Diplômé d'un BTS, Jonathann Daval travaille comme technicien de maintenance dans la même entreprise de conseil en informatique depuis une dizaine d'années. "On sait qu'il est incapable d'une telle chose. C'est quelqu'un d'une gentillesse, vous n'imaginez même pas", témoigne son patron auprès du Parisien. "Le matin de la disparition, Jonathan ne travaillait pas mais il avait promis d'aller dépanner un de ses voisins. Il est venu chercher une imprimante, tout sourire, et il a même plaisanté en disant que ça lui ferait un apéro gratuit ! Vous croyez vraiment que c'est le comportement de quelqu'un qui vient de tuer sa femme ?"
Un gendre "aimé comme un fils". Depuis le meurtre de sa femme, le trentenaire aux yeux clairs et cheveux en brosse a passé le plus clair de son temps avec ses beaux-parents et sa belle-soeur, réclamant la "vérité" sur cette affaire. "À ce stade, mes clients ne veulent toujours pas y croire", estime l'avocat des parents d'Alexia, Jean-Marc Forland, dans l'Est Républicain. "Ils ne peuvent pas imaginer que l'homme qu'ils ont connu, ce gendre qu'ils ont aimé et continuent à aimer comme un fils, avec lequel ils vivent depuis trois mois maintenant, qui est constamment chez eux, puisse être l'auteur de ce crime abominable." Selon le conseil, ses clients décrivent un garçon "calme, un peu effacé". Et de souligner : "jamais les adjectifs de colérique, impulsif, violent n'apparaissent dans ce dossier."
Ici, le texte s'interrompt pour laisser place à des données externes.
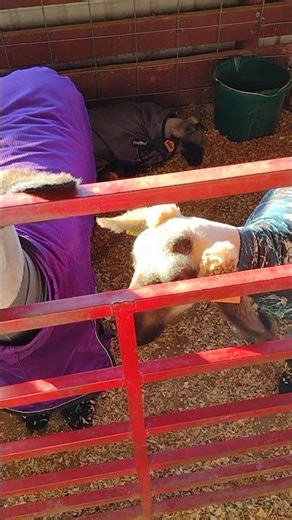 Rowan, NC Fair 9/18/2025 Ovis Trio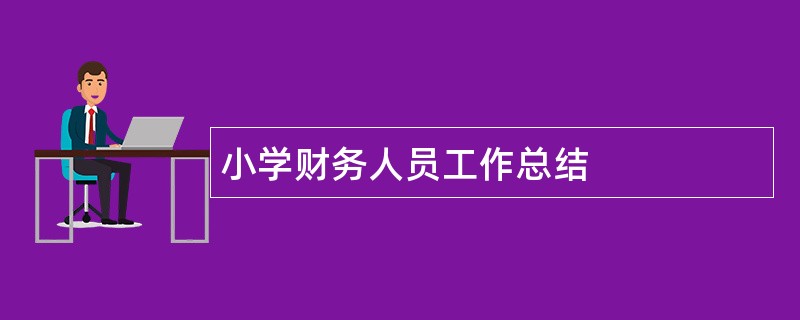 小学财务人员工作总结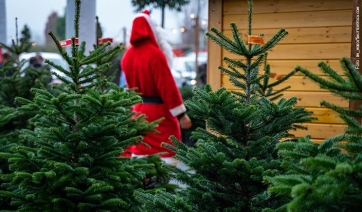 Mini-guida per scegliere l&rsquo;albero di Natale (naturale, locale, ecosostenibile)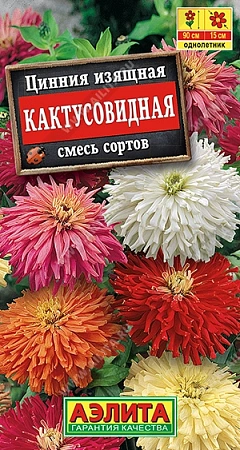 Цинния Кактусовидная, смесь сортов 5 шт (АЭЛИТА)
De proche en proche, l'hypothèse d'une dispute conjugale qui aurait mal tourné est pourtant clairement privilégiée par les enquêteurs. Selon plusieurs sources concordantes, Alexia et Jonathann Daval, qui cherchaient en vain à avoir un enfant, connaissaient une période de tension. Lors de sa première audition en tant que témoin, l'époux a d'ailleurs reconnu s'être disputé avec sa femme le 27 octobre au soir, en rentrant d'une raclette chez ses beaux-parents. Un violent accrochage, comme en témoignent alors des marques de griffures et de morsures sur ses bras.
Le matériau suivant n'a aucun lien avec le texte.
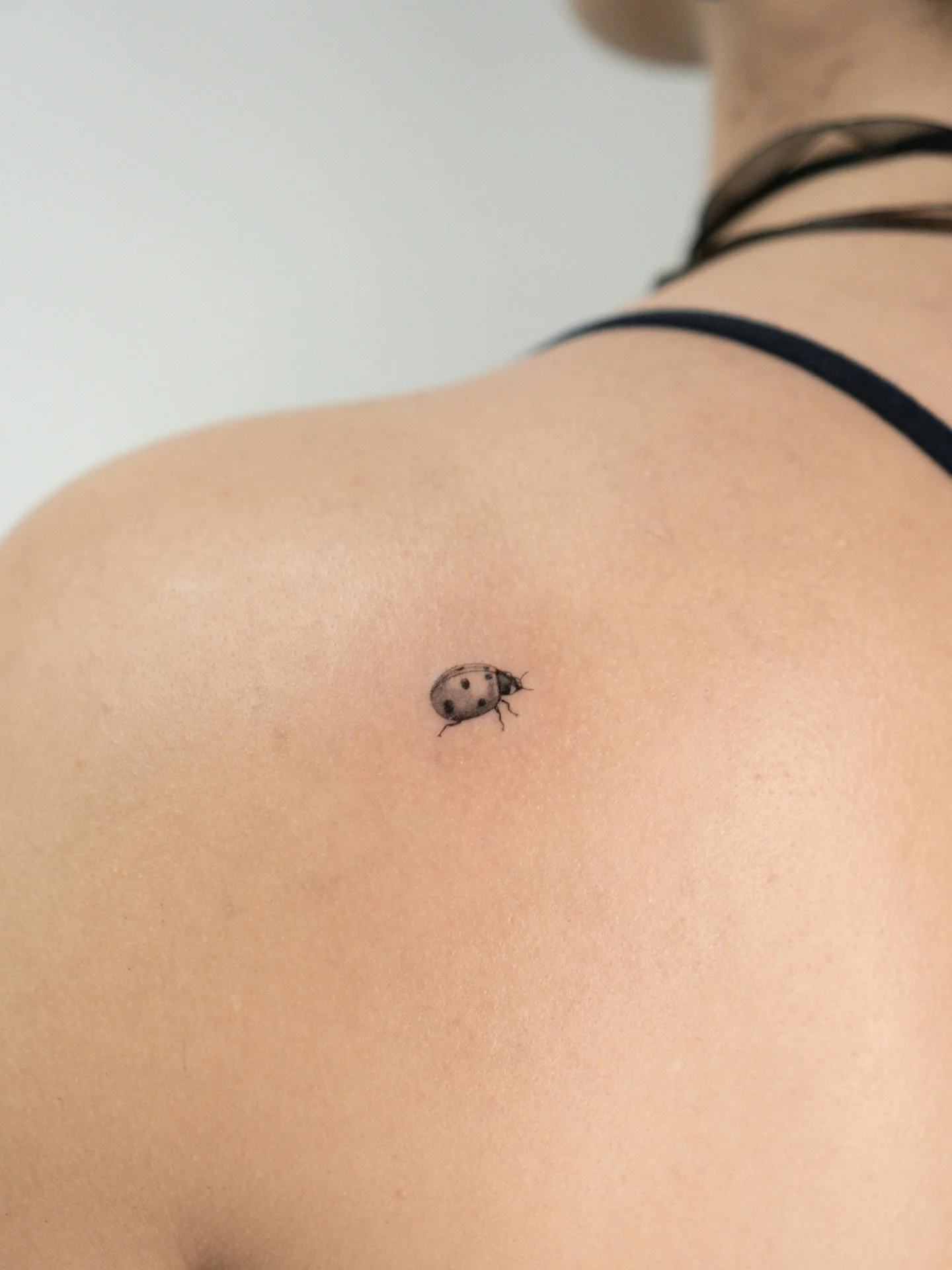 Peque&ntilde;a 🐞 que he hecho en Granada ❤️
Un faisceau d'éléments matériels. Le lendemain, le trentenaire a signalé la disparition de son épouse vers midi, expliquant qu'elle n'était jamais rentrée de son jogging. Mais personne n'a jamais vu Alexia Daval courir ce jour-là. Un voisin a en revanche entendu un véhicule quitter le domicile du couple dans la nuit du 27 au 28. Et des traces de pneus correspondant à la voiture professionnelle de Jonathann ont été retrouvées près du corps de la victime, découvert calciné deux jours plus tard, dissimulé sous des branchages dans un bois voisin.
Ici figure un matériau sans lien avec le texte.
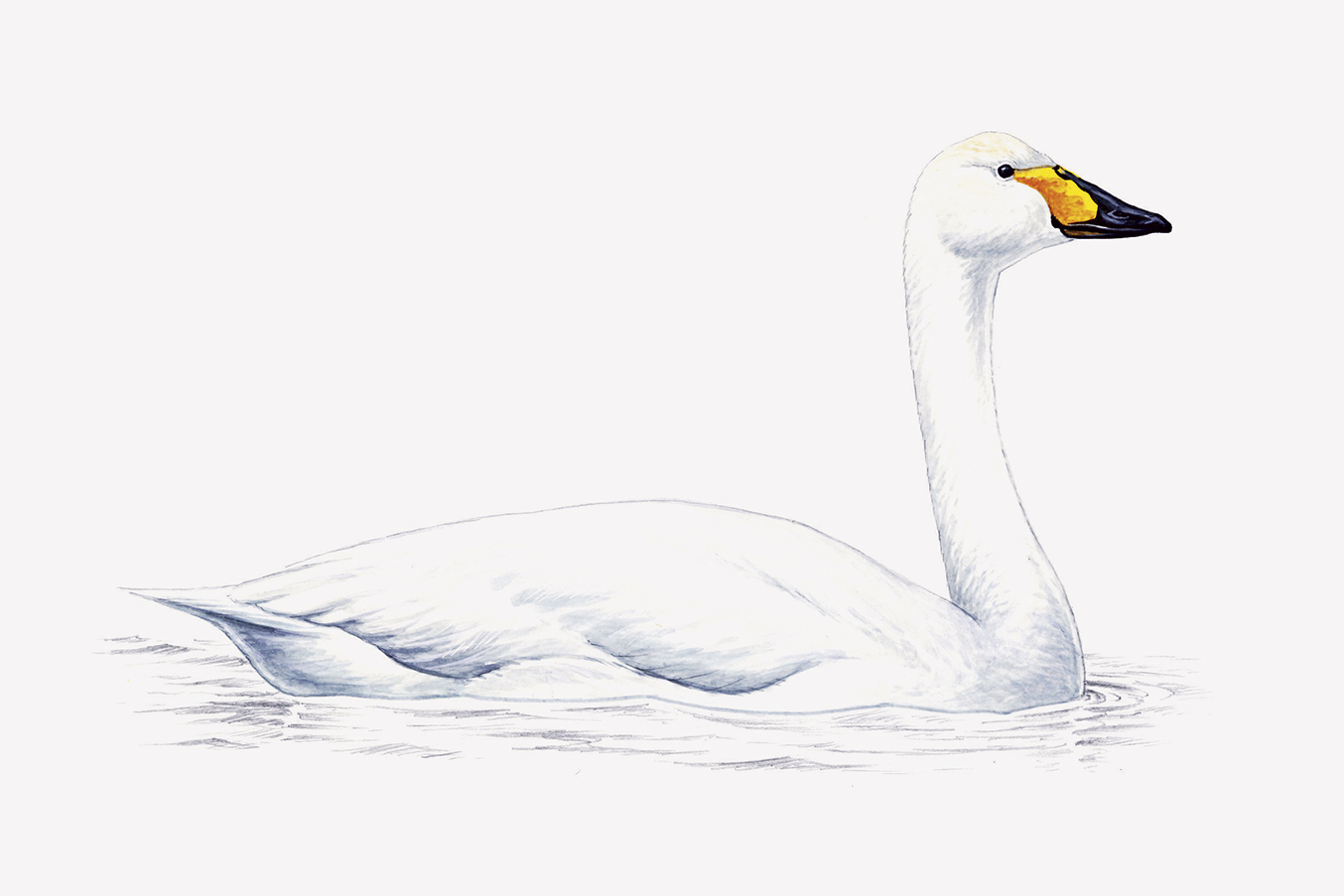 Illustration of Bewick's swan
Placé face à ces contradictions en garde à vue, le principal suspect a à nouveau affirmé s'être couché aux côtés de sa femme le 27 octobre au soir. L'informaticien n'a pour l'instant pas apporté "de réponse sur le déplacement de son véhicule professionnel", a indiqué l'un de ses conseils. À Gray, "on tomberait de très, très haut" en cas d'aveux, lâchait en tout cas une habitante interrogée par Europe 1 mardi matin. "C'est quand même son mari, il l'a soit-disant aimée." Les aveux ont fini par arriver.